RFE/RL spoke with Vladislav Kulminski, executive director of the Institute for Strategic Initiatives in Chisinau, about how the crisis evolved, what's at stake, and what the future might hold.
RFE/RL: Could you walk us through the process of trying to form a government between the February elections and June 8 when the Socialists and ACUM announced their "anti-oligarchical" coalition? Why did this process take so long?
Vladislav Kulminski: First, a little bit of background: In the Republic of Moldova over the last three years, the Democratic Party has been in power and the Democratic Party was run by an oligarch, Vlad Plahotniuc, who pretty much captured all government institutions and used them for his own purposes. So the level of public discontent was very high.
In order to get a decent result in the [February parliamentary] election, they changed the electoral system. Under the previous system, they couldn't score a decent result.
This destruction of democratic institutions has been so obvious and so total that you now have ground zero in Moldova on which you can build."
After the election, they tried to put together a coalition exactly like they did the last time around, in the previous parliament, by buying MPs from other parties. They control all government institutions, including law enforcement, the security services, and the Center for Combating Corruption. They control pretty much all the money flows in the Republic of Moldova and all profitable areas of business. So they were trying to create a coalition where they would maintain all control and they would just hand out benefits and control over smaller money flows and smaller businesses to those who would agree to go into coalition with them.

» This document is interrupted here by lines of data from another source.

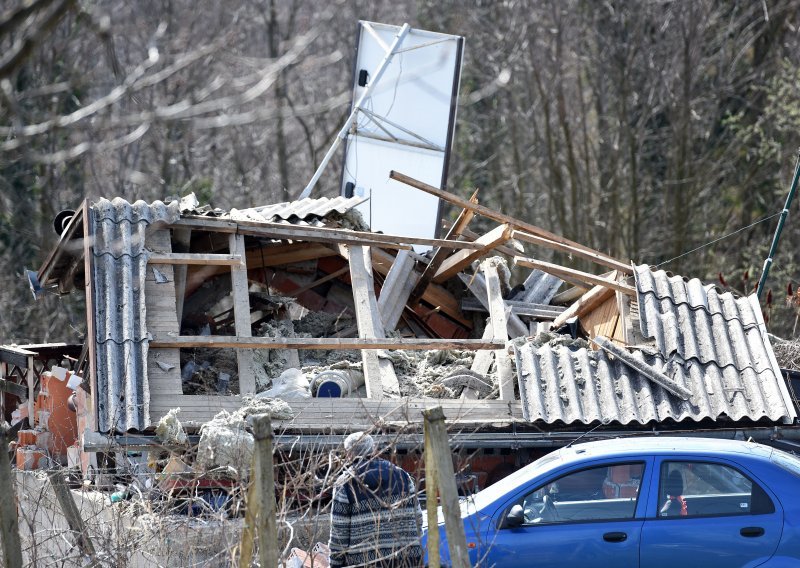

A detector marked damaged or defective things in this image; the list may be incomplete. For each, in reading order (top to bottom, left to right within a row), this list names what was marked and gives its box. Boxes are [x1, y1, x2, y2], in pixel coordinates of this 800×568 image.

broken wooden beam [432, 223, 512, 282]
broken wooden beam [388, 170, 632, 274]
broken wooden beam [516, 255, 636, 296]
damaged structure [3, 171, 796, 490]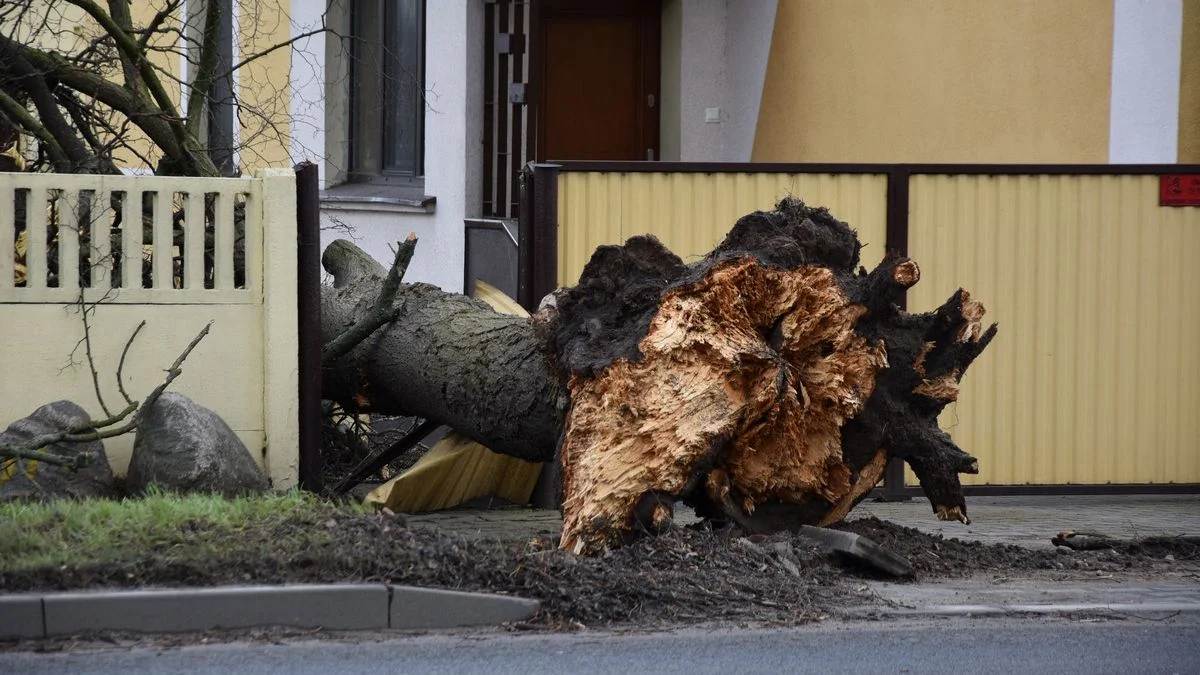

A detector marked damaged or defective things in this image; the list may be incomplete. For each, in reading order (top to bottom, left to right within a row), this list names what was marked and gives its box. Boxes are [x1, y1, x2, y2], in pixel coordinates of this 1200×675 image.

damaged yellow fence [360, 282, 540, 516]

And this has been going on for three months, and they have been wooing the Socialist Party. But in the end, the Socialist Party refused; and this pro-Russian party, together with a pro-European party, ACUM, decided they were going to create a coalition to squeeze the Democratic Party out of office.

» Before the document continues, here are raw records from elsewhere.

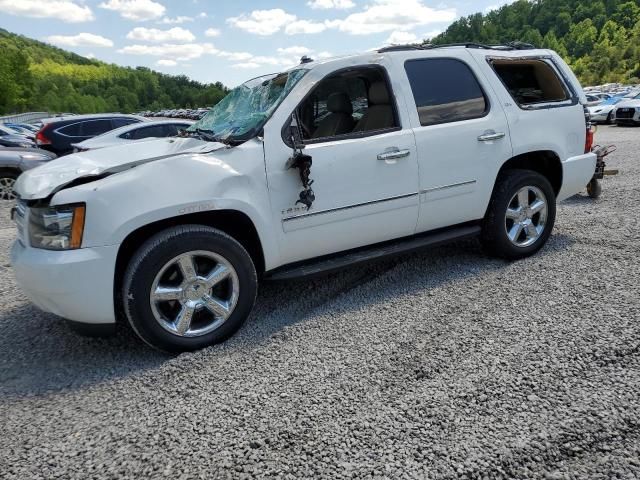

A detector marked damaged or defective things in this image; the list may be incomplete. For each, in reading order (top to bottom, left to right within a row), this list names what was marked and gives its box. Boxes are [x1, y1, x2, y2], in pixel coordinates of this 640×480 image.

shattered windshield [188, 68, 308, 142]
cracked windshield glass [188, 68, 308, 142]
broken headlight [29, 203, 86, 251]
crumpled hood [14, 137, 228, 201]
damaged white suv [11, 45, 600, 350]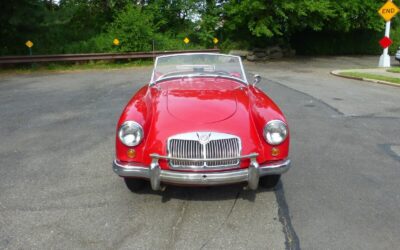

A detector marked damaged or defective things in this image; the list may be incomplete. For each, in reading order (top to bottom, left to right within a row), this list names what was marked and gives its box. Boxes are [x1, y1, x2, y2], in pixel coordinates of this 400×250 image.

cracked asphalt [0, 57, 398, 250]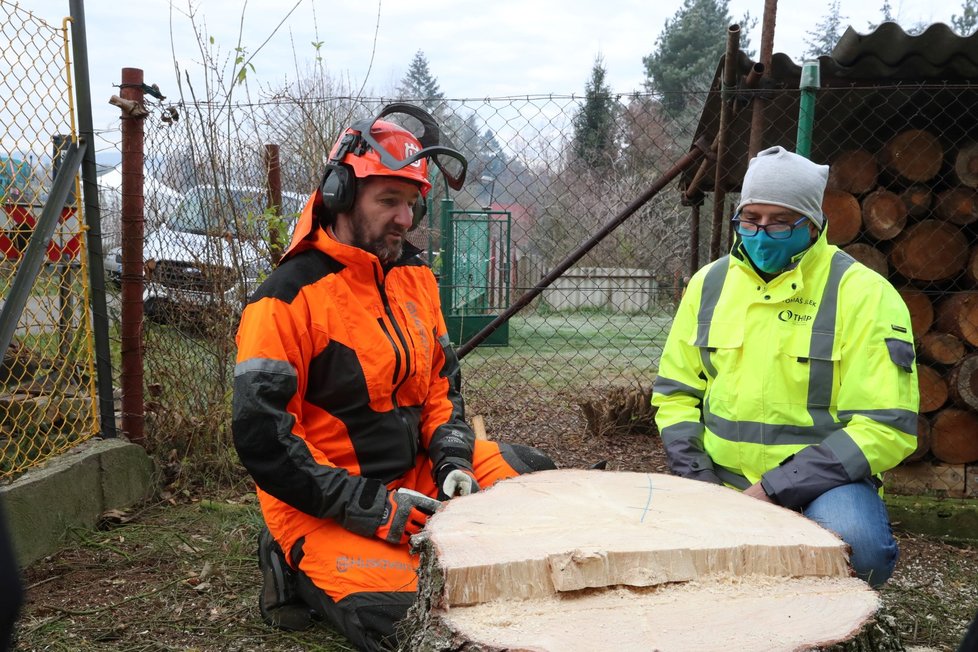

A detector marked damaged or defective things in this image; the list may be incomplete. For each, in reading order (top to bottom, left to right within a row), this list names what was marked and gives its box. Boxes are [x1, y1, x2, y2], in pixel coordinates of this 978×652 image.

rusty metal post [119, 69, 145, 446]
rusty metal post [264, 143, 282, 264]
rusty metal post [708, 23, 740, 262]
rusty metal post [748, 0, 776, 157]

And that is what they did. They legitimately constituted the parliament and they created a government and they gradually started the process of squeezing the Democratic Party out of office. But the Democratic Party refused to accept this and, by using the Constitutional Court, which they control and which they pay, they started issuing all the weird rulings that the appointment of the new government was illegal. They removed the president (Igor Dodon) from office. The Constitutional Court appointed another president, and that person canceled all the decisions of the new government and scheduled early [parliamentary] elections for September 6.
This has been universally condemned by international partners, most of whom have already recognized the new government. That is the basic background about what is happening in Moldova.

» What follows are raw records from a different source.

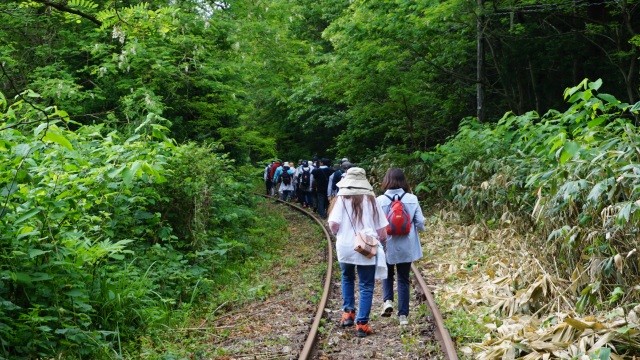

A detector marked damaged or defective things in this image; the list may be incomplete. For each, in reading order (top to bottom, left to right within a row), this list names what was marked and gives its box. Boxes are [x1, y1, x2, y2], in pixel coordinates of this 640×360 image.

rusty steel rail [262, 194, 458, 360]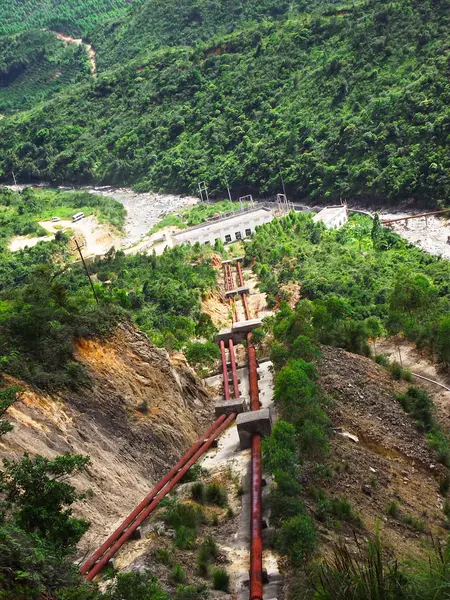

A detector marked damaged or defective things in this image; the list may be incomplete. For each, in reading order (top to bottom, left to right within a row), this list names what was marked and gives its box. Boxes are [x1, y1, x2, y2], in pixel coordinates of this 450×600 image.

red rusty pipe section [81, 412, 227, 576]
red rusty pipe section [85, 412, 237, 580]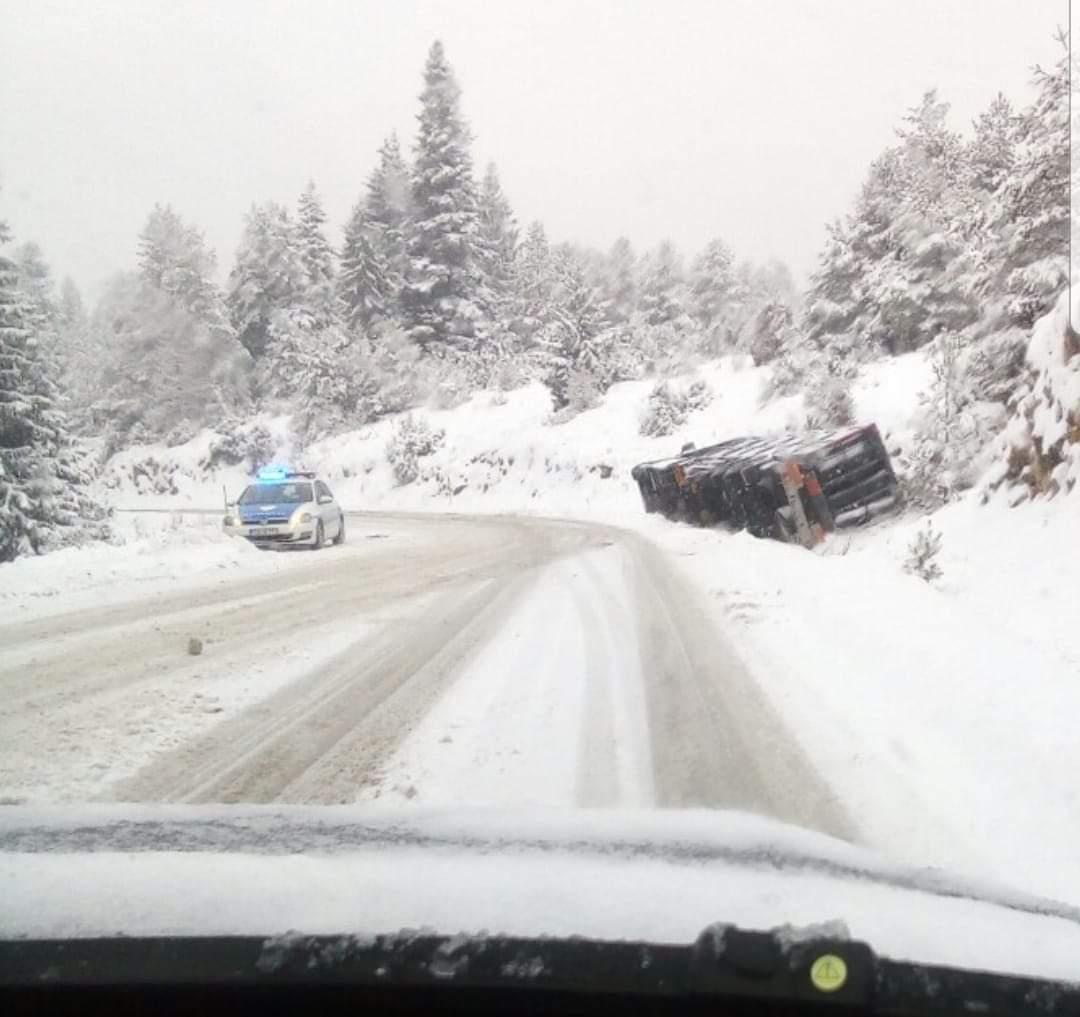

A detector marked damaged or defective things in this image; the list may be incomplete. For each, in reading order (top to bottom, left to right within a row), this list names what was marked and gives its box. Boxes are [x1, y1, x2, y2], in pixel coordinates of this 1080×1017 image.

overturned truck [628, 422, 900, 548]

RFE/RL: To the outside observer, the fact that they formed the coalition on June 8 of all days -- between the disputed June 7 and 9 deadlines -- seems intended more to exacerbate the crisis than to resolve it. What do you make of the timing?
Kulminski: No, no. That's a wrong interpretation of fact. First of all, laws and the constitution say the president may dissolve the parliament after consultations with parliamentary factions if the parliament is not functional three months after the elections. Here, there was a huge battle over what "three months" means: Does it mean 90 days or does it mean [three calendar months]? According to the Constitutional Court, "three months" means 90 days.
But this question is immaterial because the president is not obliged but may dissolve the parliament. He consulted the parliamentary factions and the parliamentary factions decided not to go for early elections, which would have deepened the crisis. They decided to create a coalition government, which was fully in line with legal provisions and the constitution.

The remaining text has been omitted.